Customs and Border Patrol has extended the deadline for initial applications several times, saying "industry interest has been high." In its request for information, the agency described plans to build a concrete wall about 30 feet high that can prevent climbing and withstand tampering or damage.
"The intent of this procurement is to acquire and evaluate available wall prototypes and provide some initial construction of some wall segments, but is not intended as the vehicle for the procurement of the total wall solution for the border with Mexico," the contract listing from Customs and Border Patrol states.
Kenneth Madsen, an Ohio State geography professor, said the agency now appears open to both a concrete wall that would block pedestrians as well as other barriers — such as a fence that might only stop vehicles. And he pointed out that in Arizona, at least, physical barriers are already in place along nearly all passable portions of the state's border with Mexico.

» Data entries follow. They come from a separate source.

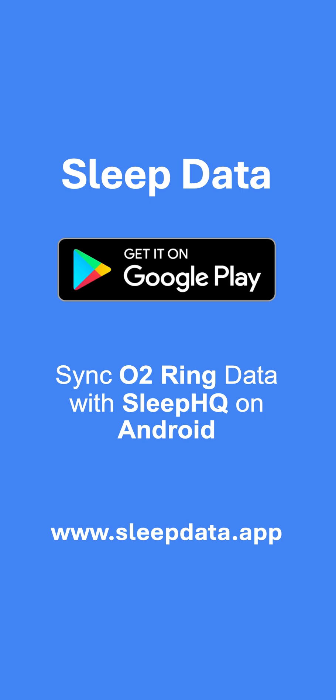Hi, everyone. In this video, I'm going to walk you through how to use the Sleep Data app, which can now transfer O2 data from an O2 ring to Sleep HQ on Android devices. This feature has been available for Apple devices, but now Android users can enjoy it too. Let's get started.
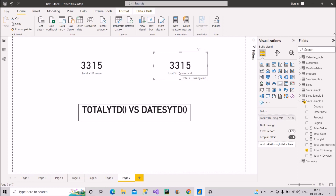Looking at the card visual for the measure 'Total Year to Date Using Calc' — we've again got the same result: 3315. So without using TOTALYTD, we are able to calculate the year-to-date value using the combination of DATESYTD and CALCULATE. I've covered all three questions that can be asked on this topic. Please share it with friends and colleagues preparing for interviews, as it can be very helpful. Stay tuned for upcoming videos.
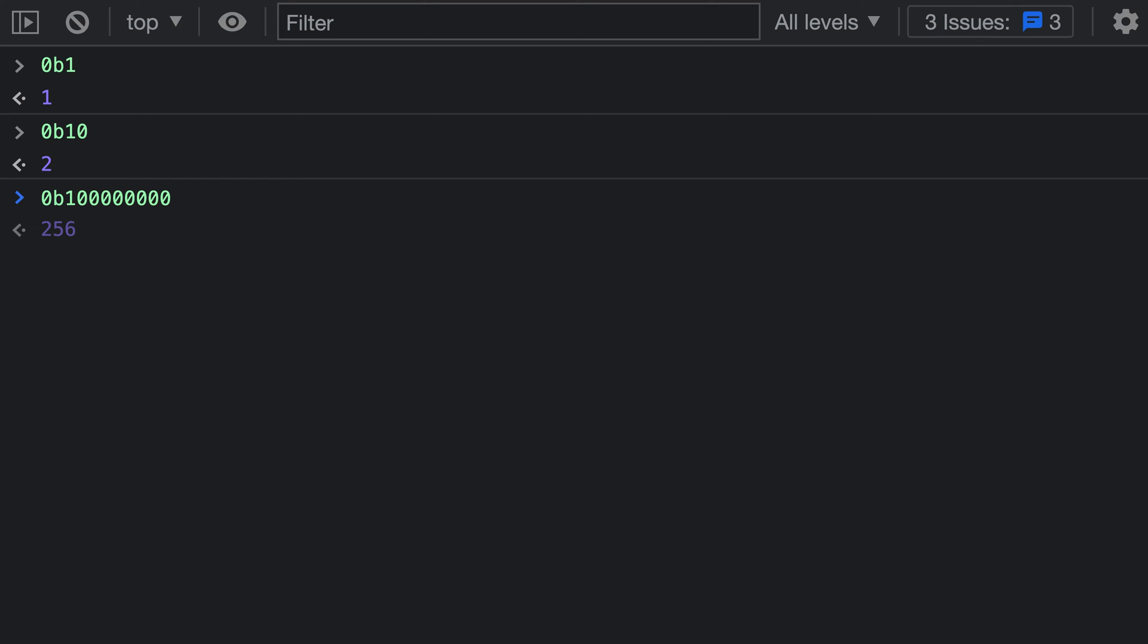One other thing to note about these binary values is that they are unsigned values, so they're always going to be positive. If you wanted to, you could add a minus on the front here. That is just going to negate the actual binary value. It's not creating a signed binary value or anything like this. The binary literal itself is always treated as an unsigned integer that you are defining with the fields here.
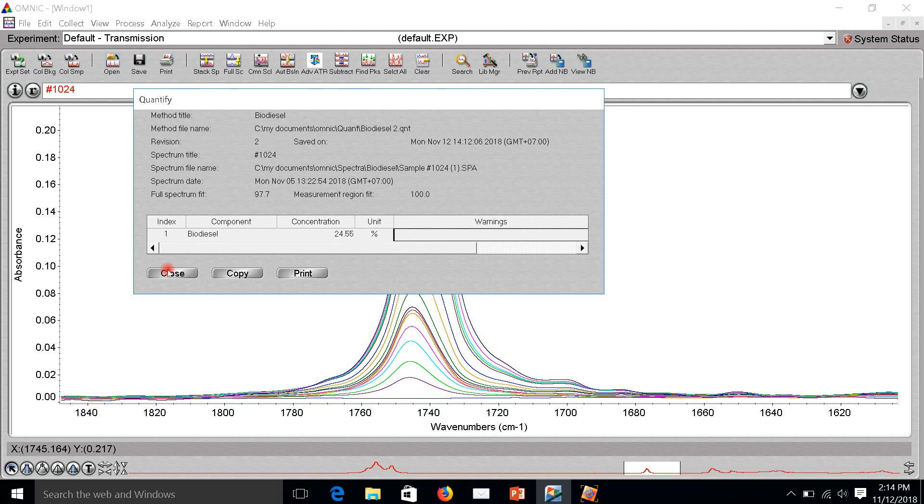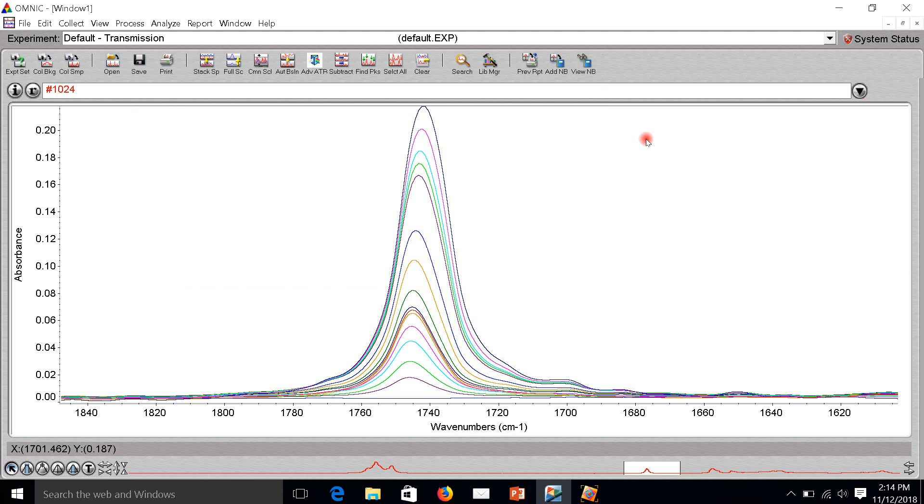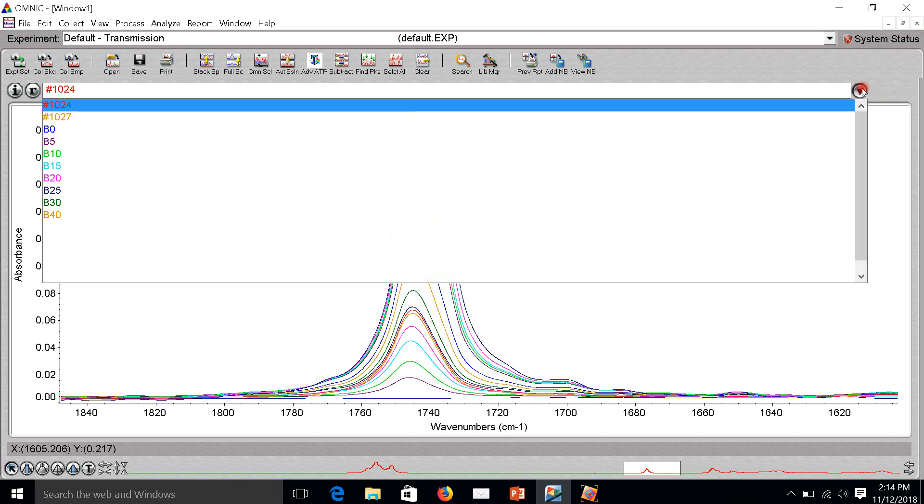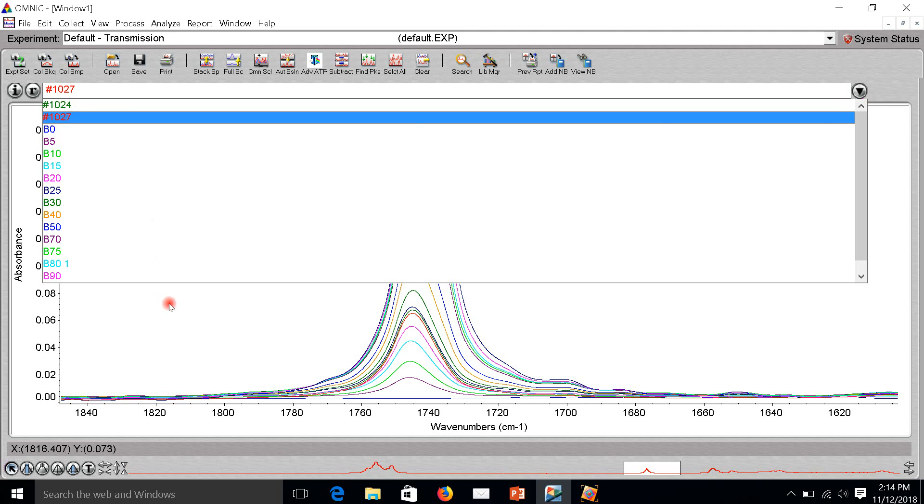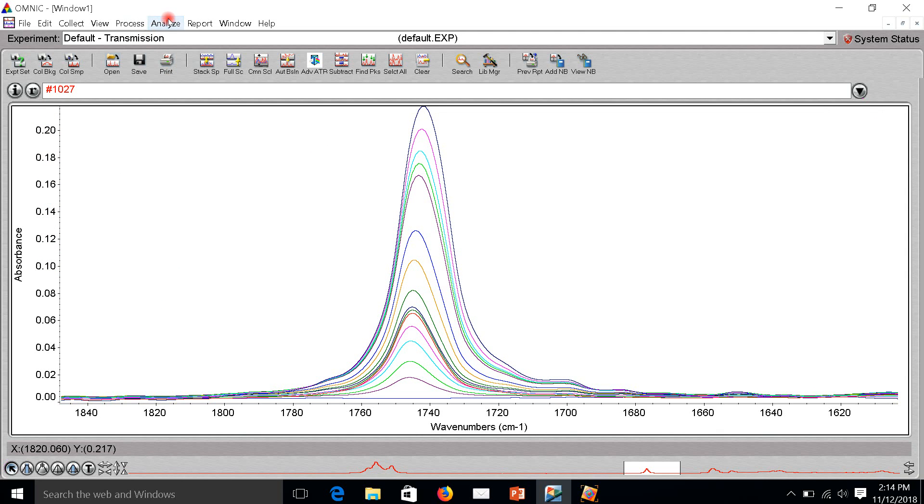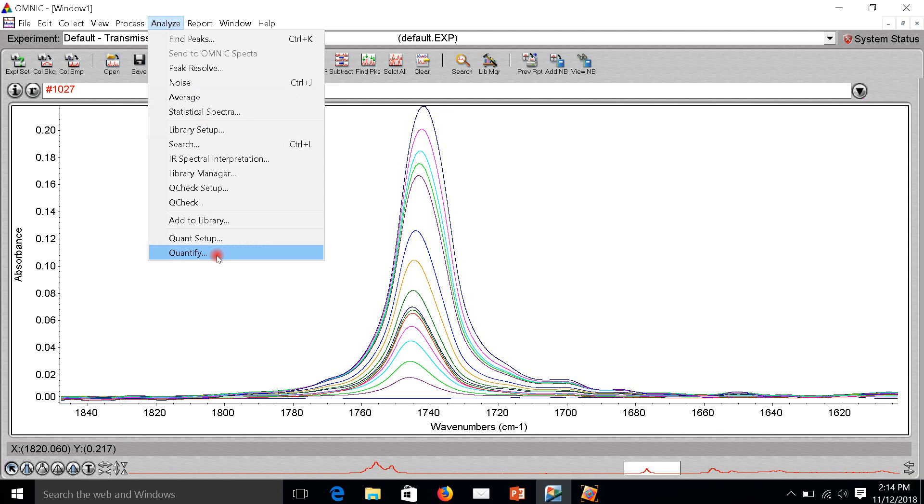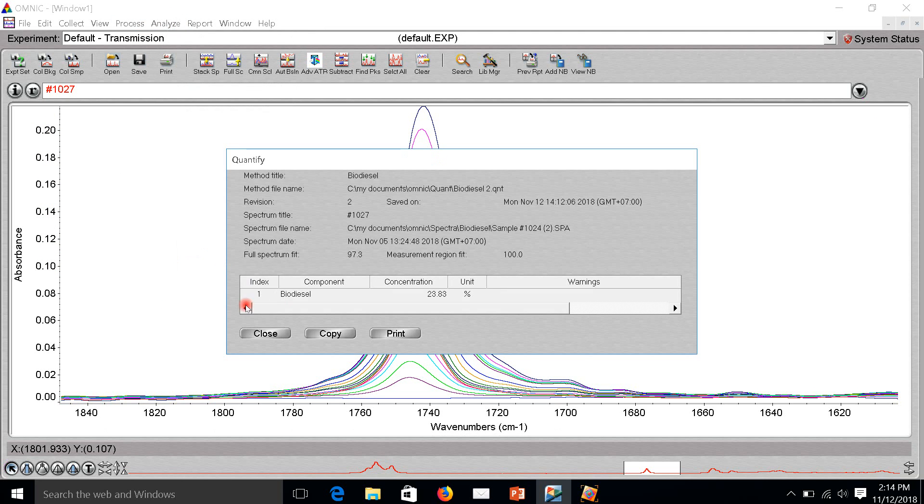Now we're going to another sample, B25. This is the concentration, the unit is percentage.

Trump has repeatedly claimed that Mexico will pay for the wall, though the nation's leaders have adamantly rejected that proposal. In Washington, Democrats have already vowed to reject any spending bill that includes money for the wall.
"If Republicans insist on inserting poison pill riders … they will be shutting down the government and delivering a severe blow to our economy," Senate Minority Leader Chuck Schumer said in a statement.
Office of Management and Budget Director Mick Mulvaney said the administration is asking for $1.5 billion this fiscal year and $2.6 billion in fiscal 2018. Mulvaney said the funds would be used to create pilot projects that test different types of barriers in several locations along the Mexican border.
"This is a hard-power budget. That was done intentionally," Mulvaney told reporters during a background call Wednesday. "The president wants to send a message to our allies and to our potential adversaries."